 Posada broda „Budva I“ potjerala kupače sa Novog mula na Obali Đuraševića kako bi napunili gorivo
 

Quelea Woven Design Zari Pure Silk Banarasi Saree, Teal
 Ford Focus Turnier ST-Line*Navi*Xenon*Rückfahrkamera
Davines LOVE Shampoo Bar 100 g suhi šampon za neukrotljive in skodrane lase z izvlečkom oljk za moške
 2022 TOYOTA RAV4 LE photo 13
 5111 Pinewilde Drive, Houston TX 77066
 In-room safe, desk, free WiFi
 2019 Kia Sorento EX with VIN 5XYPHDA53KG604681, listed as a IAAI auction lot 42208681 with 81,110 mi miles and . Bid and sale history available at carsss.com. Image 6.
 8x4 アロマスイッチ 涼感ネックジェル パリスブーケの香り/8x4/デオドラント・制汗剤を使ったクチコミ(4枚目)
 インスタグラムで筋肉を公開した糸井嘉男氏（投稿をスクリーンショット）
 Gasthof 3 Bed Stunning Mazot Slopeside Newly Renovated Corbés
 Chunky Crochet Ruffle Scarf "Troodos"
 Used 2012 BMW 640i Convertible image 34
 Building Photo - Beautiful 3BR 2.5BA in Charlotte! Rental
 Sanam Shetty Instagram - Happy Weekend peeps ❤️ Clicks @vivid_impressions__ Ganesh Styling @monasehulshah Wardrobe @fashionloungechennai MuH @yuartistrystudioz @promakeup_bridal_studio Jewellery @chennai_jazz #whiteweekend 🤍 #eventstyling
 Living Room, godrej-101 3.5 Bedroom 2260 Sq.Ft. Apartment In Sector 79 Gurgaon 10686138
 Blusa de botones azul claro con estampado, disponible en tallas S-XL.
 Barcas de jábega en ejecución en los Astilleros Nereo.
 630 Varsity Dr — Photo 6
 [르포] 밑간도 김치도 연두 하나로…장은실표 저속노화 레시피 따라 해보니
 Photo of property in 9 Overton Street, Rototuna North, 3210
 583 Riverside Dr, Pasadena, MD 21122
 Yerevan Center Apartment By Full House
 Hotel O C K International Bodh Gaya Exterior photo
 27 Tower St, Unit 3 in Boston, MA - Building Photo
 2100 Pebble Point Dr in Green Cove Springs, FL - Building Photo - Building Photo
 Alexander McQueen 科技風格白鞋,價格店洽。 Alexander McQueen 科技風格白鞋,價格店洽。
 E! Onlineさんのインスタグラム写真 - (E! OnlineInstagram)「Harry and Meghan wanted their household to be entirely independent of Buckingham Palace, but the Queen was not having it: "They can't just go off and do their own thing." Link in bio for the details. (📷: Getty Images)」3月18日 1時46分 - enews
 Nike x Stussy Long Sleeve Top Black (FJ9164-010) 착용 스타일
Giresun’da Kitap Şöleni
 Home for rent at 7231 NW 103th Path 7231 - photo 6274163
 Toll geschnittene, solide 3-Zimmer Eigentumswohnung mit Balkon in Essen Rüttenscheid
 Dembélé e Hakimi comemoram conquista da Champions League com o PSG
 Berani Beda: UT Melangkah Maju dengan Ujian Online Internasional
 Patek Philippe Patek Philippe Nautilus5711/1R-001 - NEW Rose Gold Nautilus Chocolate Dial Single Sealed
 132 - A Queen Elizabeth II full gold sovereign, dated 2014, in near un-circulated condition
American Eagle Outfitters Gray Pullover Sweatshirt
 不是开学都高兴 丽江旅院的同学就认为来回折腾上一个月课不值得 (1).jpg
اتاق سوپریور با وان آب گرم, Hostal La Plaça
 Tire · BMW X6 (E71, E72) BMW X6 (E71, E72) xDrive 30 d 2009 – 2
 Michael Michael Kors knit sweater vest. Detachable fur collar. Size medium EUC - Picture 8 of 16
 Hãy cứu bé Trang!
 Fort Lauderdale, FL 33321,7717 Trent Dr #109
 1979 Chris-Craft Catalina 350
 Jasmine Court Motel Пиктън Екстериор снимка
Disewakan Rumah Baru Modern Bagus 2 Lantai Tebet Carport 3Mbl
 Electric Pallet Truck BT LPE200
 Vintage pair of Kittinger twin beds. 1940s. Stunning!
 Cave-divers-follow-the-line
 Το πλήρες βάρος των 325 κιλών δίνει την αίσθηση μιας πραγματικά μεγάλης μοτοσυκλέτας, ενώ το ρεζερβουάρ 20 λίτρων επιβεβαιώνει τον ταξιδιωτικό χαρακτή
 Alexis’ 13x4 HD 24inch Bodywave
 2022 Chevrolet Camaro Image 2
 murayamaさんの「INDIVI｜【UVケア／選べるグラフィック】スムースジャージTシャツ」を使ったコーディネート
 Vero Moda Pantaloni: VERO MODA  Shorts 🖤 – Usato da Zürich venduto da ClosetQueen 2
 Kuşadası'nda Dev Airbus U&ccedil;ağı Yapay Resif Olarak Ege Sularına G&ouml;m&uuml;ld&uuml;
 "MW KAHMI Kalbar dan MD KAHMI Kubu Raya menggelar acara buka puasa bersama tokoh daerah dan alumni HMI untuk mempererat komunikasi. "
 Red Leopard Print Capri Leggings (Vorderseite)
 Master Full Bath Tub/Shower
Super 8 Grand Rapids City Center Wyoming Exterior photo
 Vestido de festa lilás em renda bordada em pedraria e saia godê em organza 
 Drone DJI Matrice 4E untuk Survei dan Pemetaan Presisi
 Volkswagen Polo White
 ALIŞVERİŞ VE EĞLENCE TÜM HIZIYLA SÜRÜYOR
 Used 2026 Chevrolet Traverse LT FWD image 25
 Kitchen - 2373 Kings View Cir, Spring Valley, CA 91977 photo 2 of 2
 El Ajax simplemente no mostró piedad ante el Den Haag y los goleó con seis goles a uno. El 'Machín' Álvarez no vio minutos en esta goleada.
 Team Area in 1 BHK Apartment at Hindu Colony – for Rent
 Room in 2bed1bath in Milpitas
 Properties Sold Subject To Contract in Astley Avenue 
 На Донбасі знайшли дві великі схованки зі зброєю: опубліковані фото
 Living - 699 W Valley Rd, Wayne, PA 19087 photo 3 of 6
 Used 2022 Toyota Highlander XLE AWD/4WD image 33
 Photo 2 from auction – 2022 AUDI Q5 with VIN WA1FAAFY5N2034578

---

= Try it =
Would you please write out, exactly and with no other lines, the stretch of the listing above from the line containing "Used 2012 BMW 640i Convertible image 34" through the line containing "Sanam Shetty Instagram"?

= Problem solution =
 Used 2012 BMW 640i Convertible image 34
 Building Photo - Beautiful 3BR 2.5BA in Charlotte! Rental
 Sanam Shetty Instagram - Happy Weekend peeps ❤️ Clicks @vivid_impressions__ Ganesh Styling @monasehulshah Wardrobe @fashionloungechennai MuH @yuartistrystudioz @promakeup_bridal_studio Jewellery @chennai_jazz #whiteweekend 🤍 #eventstyling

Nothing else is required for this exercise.